讓微笑綻放
拾趣
As a French major in college, I had the opportunity to work as a nanny for a wealthy French family. I don’t remember the details exactly, but I do remember that they lived in what seemed like a palatial townhouse in Manhattan, had several homes in Europe, and planned to spend the summer traveling, child and nanny in tow. Whatever the challenges of accompanying this particular family might have been, the chance to travel widely throughout Europe was not only exciting but also unavailable to me any other way at the time. Plus I adored kids, and was planning on teaching. It seemed a great fit. Yet I was afraid to take the job; afraid the family wouldn’t like me; afraid I would be lonely; afraid I wouldn’t be able to care for the child well; afraid I’d miss my boyfriend and my family. So I stayed home that summer, living in my parents’ house and working in an office at a perfectly nice, decently paying, perfectly boring job. To keep myself amused, I read novels set in Paris and Venice, wondering what it would be like to go there. Time after time in the years that followed, various opportunities shined on me, lighting the way to potential adventure, but my fear stretched out before me like a shadow, dimming the prospects.
The strange thing is, if I were thrown into a situation in which there might actually be something to be afraid of—a sinking canoe, to choose a random example, or a building fire—I know that I would deal with it well, not lose my head or become paralyzed with anxiety but take care of business, be effective in the moment. I’ve handled things that prompted people to say,“That must have been incredibly scary,” though I didn’t feel overwhelmingly afraid at all. What, then, is the nature of my fear? If I had to give it a name, I would call it “What if…”, because it derives all its power from the possibilities of what might happen at some point in the future and not what’s happening right now.
I can see how “What if…” might have been more useful a long time ago. In fact, I remember considering the idea of sliding down a banister in the house where I grew up—I must’ve been around three, because the banister seemed very high off the ground—and thinking,“Fun! Long ride! Fast! New!”Then,“But what if when I get to the bottom, I fall off the end?” I certainly would have done had I followed through, with painful and injurious results.

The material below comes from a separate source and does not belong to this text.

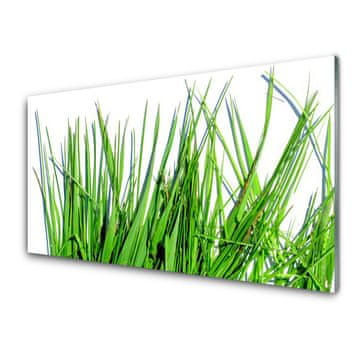 tulup.si Slika na akrilnem steklu Grass on wall 4 obešalnika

The trouble is that somehow as I matured, asking “What if…” became a way of introducing every possible disaster that could happen, no matter how unlikely. Falling off the end became, in my mind, a probable result even when it wasn’t. And thinking about that, I began to want to avoid asking the question because it evoked too much anxiety. So I sought the comfortable and the familiar rather than the exciting and the exotic. It was easy, it was even joyful and delightful (as the comfortable and familiar can be), but it was rarely challenging in a way that leads you to live your life to its fullest.